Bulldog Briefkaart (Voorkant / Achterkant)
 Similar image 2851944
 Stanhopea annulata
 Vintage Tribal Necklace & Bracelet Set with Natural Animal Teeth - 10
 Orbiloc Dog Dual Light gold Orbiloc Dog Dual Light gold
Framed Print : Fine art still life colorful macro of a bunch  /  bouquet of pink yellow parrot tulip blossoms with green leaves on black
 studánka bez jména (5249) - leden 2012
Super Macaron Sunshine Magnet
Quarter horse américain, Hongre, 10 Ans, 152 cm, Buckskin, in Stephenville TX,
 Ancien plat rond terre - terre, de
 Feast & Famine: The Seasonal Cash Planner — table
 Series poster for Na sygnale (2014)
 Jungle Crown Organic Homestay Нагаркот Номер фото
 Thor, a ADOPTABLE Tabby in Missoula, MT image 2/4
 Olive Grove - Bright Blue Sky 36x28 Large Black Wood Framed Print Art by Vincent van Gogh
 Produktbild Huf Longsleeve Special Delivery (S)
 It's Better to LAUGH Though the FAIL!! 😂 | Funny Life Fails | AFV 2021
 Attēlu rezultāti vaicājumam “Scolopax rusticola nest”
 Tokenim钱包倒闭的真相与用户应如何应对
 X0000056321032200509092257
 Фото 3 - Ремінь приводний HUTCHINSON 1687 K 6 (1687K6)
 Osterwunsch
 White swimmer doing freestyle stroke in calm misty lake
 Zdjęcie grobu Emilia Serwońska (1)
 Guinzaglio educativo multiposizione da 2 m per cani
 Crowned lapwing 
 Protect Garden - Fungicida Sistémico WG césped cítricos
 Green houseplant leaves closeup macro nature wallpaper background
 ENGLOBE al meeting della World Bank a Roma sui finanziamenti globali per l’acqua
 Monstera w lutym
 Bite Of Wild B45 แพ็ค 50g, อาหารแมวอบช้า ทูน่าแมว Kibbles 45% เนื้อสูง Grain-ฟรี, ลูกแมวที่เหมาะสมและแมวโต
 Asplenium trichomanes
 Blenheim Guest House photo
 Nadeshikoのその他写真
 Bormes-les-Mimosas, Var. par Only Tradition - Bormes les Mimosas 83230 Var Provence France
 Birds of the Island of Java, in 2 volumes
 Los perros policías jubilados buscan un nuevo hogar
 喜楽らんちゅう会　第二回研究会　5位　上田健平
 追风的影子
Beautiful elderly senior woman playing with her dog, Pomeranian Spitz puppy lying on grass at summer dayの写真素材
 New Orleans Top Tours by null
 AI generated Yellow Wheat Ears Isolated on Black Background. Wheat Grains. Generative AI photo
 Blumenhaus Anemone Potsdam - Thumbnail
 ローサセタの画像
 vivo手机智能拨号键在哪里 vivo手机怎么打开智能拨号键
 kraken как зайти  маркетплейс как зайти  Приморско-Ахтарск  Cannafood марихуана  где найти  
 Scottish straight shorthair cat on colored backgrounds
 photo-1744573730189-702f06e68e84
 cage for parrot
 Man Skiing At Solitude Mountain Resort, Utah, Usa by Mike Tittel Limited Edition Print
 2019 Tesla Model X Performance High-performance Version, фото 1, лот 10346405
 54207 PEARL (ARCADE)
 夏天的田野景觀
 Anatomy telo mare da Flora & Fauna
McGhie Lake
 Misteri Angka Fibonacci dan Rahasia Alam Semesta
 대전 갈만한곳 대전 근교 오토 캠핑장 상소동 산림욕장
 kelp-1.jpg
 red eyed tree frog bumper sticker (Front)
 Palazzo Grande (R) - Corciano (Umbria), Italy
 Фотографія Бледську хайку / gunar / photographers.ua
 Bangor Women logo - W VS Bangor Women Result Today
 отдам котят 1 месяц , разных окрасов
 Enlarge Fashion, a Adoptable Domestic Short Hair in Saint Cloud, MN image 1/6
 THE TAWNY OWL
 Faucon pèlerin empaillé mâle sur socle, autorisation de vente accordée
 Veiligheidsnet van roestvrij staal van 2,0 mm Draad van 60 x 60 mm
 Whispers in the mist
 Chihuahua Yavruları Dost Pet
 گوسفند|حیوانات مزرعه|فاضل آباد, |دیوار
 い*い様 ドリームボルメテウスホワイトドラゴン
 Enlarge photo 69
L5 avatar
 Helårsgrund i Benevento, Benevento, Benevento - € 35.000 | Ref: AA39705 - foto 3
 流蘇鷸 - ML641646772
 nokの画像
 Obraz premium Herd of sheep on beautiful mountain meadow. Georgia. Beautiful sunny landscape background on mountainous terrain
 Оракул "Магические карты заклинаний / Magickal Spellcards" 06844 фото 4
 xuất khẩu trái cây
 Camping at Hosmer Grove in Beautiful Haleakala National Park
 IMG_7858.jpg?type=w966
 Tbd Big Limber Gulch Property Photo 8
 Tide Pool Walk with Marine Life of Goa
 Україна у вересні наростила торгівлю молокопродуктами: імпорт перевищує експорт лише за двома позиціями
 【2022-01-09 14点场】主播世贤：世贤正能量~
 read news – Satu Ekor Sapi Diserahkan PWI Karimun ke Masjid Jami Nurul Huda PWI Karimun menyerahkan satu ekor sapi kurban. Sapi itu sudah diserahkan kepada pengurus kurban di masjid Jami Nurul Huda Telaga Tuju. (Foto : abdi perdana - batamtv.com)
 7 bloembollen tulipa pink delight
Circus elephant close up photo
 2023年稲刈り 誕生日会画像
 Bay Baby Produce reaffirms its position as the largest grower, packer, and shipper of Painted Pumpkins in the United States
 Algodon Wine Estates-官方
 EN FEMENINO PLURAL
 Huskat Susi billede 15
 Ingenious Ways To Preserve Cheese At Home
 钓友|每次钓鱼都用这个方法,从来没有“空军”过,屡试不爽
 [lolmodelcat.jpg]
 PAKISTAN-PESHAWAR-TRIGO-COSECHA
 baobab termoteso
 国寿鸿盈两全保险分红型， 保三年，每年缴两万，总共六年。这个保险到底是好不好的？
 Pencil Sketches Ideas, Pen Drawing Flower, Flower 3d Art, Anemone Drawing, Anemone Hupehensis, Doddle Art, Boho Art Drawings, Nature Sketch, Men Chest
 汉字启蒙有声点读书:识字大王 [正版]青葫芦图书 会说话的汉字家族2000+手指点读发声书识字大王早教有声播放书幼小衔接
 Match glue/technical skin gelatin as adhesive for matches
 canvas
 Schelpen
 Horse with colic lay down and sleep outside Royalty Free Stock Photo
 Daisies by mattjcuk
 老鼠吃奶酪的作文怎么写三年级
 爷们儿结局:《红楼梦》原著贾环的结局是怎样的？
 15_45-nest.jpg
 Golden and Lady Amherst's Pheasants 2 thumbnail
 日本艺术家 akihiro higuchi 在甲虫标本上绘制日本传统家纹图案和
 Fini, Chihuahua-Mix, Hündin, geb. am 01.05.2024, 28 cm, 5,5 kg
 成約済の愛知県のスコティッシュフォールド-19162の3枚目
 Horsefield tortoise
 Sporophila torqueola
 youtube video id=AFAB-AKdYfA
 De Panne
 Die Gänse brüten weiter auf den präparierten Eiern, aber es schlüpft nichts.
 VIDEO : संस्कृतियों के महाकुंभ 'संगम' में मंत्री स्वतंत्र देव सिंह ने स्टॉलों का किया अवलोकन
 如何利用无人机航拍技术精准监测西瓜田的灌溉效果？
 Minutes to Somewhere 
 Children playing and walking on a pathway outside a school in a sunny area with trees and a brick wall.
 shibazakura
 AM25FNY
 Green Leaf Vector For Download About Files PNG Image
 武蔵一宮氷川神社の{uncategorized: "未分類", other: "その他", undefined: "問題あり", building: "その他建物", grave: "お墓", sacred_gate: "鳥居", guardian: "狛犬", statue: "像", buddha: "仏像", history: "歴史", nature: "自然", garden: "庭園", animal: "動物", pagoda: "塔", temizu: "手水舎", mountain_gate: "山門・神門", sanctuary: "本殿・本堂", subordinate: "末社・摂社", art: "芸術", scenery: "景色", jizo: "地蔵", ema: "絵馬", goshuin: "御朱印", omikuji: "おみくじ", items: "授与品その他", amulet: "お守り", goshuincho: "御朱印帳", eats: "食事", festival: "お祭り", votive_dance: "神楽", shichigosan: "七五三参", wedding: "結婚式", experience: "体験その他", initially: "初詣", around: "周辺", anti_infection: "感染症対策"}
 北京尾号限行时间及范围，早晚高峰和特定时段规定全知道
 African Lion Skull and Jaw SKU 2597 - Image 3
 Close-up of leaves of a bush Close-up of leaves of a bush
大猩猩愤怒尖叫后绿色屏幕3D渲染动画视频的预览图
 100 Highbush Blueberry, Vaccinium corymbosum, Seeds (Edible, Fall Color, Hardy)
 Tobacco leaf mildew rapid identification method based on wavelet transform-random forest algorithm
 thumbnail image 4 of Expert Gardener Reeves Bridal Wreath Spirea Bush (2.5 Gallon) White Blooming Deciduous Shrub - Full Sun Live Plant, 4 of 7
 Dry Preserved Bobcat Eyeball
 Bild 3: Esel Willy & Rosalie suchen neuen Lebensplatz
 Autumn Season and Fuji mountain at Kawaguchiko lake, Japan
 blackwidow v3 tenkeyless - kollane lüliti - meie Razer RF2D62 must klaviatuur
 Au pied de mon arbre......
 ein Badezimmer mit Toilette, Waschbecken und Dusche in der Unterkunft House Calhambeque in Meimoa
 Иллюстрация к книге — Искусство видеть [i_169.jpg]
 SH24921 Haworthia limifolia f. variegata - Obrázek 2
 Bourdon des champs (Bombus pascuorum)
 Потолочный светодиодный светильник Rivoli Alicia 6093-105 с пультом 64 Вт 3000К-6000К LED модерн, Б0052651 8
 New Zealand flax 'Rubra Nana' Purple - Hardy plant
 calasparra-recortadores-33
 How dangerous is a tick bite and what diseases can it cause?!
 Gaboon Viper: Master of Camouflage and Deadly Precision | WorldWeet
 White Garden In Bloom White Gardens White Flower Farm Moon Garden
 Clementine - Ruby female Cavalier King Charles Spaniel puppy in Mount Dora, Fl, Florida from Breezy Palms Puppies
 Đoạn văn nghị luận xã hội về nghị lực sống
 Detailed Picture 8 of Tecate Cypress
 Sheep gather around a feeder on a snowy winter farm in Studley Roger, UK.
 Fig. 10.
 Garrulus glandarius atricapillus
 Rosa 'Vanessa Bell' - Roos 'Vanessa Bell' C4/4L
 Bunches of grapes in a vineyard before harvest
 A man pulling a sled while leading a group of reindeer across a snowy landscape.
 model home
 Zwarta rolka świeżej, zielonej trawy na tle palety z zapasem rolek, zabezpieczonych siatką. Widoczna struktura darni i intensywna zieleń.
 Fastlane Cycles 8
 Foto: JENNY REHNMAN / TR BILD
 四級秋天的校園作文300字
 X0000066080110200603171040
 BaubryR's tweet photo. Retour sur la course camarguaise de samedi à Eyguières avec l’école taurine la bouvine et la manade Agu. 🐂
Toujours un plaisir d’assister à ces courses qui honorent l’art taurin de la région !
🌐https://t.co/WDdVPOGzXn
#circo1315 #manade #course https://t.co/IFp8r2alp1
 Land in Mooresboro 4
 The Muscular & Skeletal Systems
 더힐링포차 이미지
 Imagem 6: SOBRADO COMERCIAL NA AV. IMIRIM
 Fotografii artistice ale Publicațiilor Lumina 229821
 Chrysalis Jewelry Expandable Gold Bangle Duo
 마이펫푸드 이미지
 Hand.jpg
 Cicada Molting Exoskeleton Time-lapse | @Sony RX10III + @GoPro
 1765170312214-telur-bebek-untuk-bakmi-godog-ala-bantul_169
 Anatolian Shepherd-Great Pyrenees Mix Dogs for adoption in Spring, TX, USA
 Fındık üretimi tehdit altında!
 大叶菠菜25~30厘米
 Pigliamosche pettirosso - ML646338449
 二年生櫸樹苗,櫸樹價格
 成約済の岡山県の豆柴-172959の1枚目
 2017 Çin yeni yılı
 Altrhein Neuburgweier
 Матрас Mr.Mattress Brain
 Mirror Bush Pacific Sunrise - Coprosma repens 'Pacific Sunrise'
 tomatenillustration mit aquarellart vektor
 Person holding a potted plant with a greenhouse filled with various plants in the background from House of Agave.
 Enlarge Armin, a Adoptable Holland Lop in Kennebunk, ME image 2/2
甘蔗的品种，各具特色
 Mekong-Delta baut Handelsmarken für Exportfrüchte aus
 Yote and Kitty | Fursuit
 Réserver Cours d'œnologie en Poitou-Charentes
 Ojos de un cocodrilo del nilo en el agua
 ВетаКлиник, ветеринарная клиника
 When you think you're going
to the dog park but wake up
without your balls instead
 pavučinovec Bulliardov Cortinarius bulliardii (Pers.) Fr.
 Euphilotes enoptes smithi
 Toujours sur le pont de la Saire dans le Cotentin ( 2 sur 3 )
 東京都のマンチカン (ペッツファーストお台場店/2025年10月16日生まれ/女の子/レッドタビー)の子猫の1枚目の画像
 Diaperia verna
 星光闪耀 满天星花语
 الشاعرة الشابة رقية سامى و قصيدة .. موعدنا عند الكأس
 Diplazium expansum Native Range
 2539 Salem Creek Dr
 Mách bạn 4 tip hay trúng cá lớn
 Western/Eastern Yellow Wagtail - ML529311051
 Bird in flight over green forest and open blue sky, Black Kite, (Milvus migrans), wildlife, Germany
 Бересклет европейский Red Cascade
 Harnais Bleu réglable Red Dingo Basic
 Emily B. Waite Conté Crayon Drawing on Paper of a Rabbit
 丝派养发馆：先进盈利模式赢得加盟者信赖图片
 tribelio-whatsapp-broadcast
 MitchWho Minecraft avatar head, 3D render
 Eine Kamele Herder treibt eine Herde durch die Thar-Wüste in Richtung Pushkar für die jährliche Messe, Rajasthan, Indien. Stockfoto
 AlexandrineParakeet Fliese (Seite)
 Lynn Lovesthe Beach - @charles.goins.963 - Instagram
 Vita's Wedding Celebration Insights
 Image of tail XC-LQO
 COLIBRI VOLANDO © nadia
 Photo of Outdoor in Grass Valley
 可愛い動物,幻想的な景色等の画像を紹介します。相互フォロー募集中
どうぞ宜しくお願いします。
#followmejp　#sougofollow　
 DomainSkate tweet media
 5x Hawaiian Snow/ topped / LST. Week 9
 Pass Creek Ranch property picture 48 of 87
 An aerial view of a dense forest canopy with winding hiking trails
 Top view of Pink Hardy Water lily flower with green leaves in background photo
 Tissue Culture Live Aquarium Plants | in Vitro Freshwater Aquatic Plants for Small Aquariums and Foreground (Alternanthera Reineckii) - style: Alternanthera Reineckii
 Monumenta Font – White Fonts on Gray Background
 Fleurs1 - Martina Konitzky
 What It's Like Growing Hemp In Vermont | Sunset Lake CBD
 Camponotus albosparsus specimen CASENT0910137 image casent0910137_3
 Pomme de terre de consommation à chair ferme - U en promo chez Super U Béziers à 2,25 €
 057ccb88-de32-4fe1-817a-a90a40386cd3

_ _ _ _

GOAL OF THE EXERCISE |
Exact duplication is required for the lines above, from the line that contains "Person holding a" to the line that contains "Mách bạn 4 tip hay trúng cá lớn", inclusive; omit all others.

SOLUTION FOR THIS EXERCISE |
 Person holding a potted plant with a greenhouse filled with various plants in the background from House of Agave.
 Enlarge Armin, a Adoptable Holland Lop in Kennebunk, ME image 2/2
甘蔗的品种，各具特色
 Mekong-Delta baut Handelsmarken für Exportfrüchte aus
 Yote and Kitty | Fursuit
 Réserver Cours d'œnologie en Poitou-Charentes
 Ojos de un cocodrilo del nilo en el agua
 ВетаКлиник, ветеринарная клиника
 When you think you're going
to the dog park but wake up
without your balls instead
 pavučinovec Bulliardov Cortinarius bulliardii (Pers.) Fr.
 Euphilotes enoptes smithi
 Toujours sur le pont de la Saire dans le Cotentin ( 2 sur 3 )
 東京都のマンチカン (ペッツファーストお台場店/2025年10月16日生まれ/女の子/レッドタビー)の子猫の1枚目の画像
 Diaperia verna
 星光闪耀 满天星花语
 الشاعرة الشابة رقية سامى و قصيدة .. موعدنا عند الكأس
 Diplazium expansum Native Range
 2539 Salem Creek Dr
 Mách bạn 4 tip hay trúng cá lớn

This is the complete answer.